Although Texas Workers’ Compensation Commission Executive Director Richard F. Reynolds acknowledged that statutory changes would do a world of good for the Texas workers’ compensation system, as well as for his agency, he stopped short of describing the system as being “in crisis” when he kicked off the Insurance Council of Texas’ 2004 Workers’ Compensation Symposium in Austin on May 5.
Reynolds told the more than 200 attendees that the state’s workers’ comp system was like a ship that has been taken over by “third party pirates.”
Some other speakers were more direct in their assessments of both the system and the commission, and terms such as “in crisis,” “out of control,” and “broken” cropped up a number of times throughout the day.
“For a broken system, there’s a whole lot being accomplished,” Reynolds said. “I guess if ‘broken’ means escalating medical costs and escalating workers’ comp insurance premiums, then ‘broken’ may have merit, but escalating medical costs and escalating insurance premiums have little to do with [TWCC] operations.”
Other speakers included Larry Hochstetler and Tony DiDonato of the NCCI; Dr. Ron Luke, president of Research & Planning Consultants; Dick Geiger of Thompson, Coe, Cousins and Irons LLP; and Bill Hammond, president of the Texas Association of Business (TAB).
Presenting an overview of the workers’ compensation system, NCCI’s Hochstetler and DiDonato said Texas was not alone in fighting rising costs. Echoing a report issued recently by the Workers’ Compensation Research Institute, Hochstetler and DiDonato noted that claims frequency is down, but rising medical costs are the driving force behind the increases in Texas, as well as in other states.
In a presentation entitled, “What’s Driving the Costs of the Texas Workers’ Compensation System,” Luke went for TWCC’s jugular.
“The additional factor that produced high costs in Texas is the performance of TWCC. The commission has failed for over a decade to impose any standards or limits for medical benefits, and has permitted physicians to practice a very different type of medicine on injured workers than on their group heath patients,” Luke said.
“As the state agency responsible for regulating workers’ compensation benefits,” he continued, “the TWCC staff and commissioners have consistently failed to provide good management or leadership in exercising the authority they were given by the Texas Workers’ Compensation Act.”

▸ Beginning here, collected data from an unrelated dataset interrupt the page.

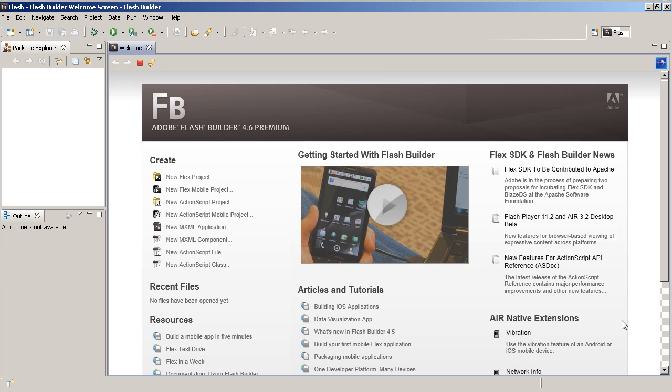Hey this is Brent Arnold and I want to talk about Flash Builder 4.6. If you have purchased Flash Builder 4.5 then you get the free upgrade to 4.6. So if you are developing mobile applications there's no reason you shouldn't upgrade because it's free.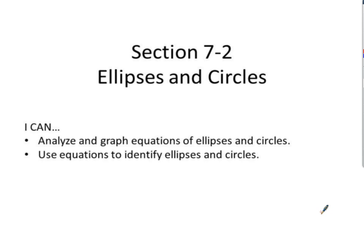This is section 7-2, part A: ellipses and circles. Your ICAN statements for this section: I can analyze and graph equations of ellipses and circles, and I can use equations to identify ellipses and circles.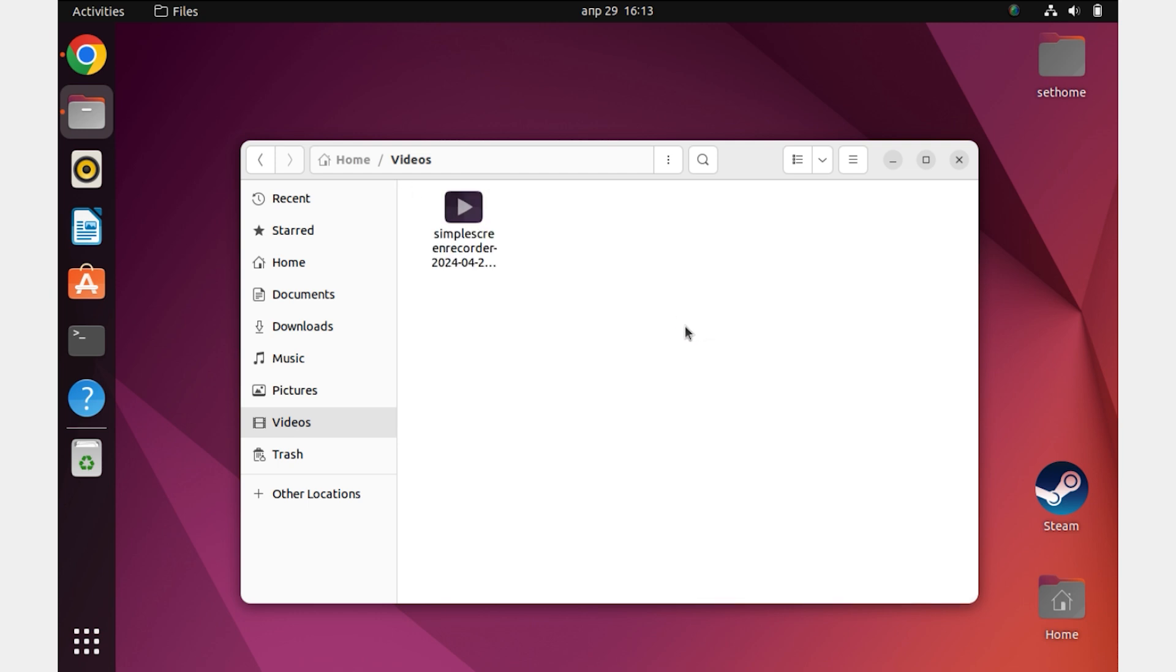Now you know how to record screen in Ubuntu. Please like and subscribe to the channel if this video was useful for you.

Reynolds, however, said “the system is functioning exactly as designed by the workers’ comp statutes currently on the books.
“It’s adversarial and by design it allows employers to abdicate their responsibility to the insurance carriers.
“It provides for doctor selection and shopping by claimants,” he said. “It allows surgeons to do self-referral for surgery. It allows chiropractors to be treating or gatekeeper doctors, to do self-referral for work hardening and conditioning.
“It provides for unreasonable delays in needed medical care,” Reynolds continued. “It provides for non-medical personnel to make medical necessity decisions. It does not promote return-to-work. It provides for excess due process while the injured employee’s medical condition worsens.”
Reynolds agreed that, “the system needs some changes” but refused to entertain the notion—which he attributed to TAB president Bill Hammond—that it is “completely out of control.”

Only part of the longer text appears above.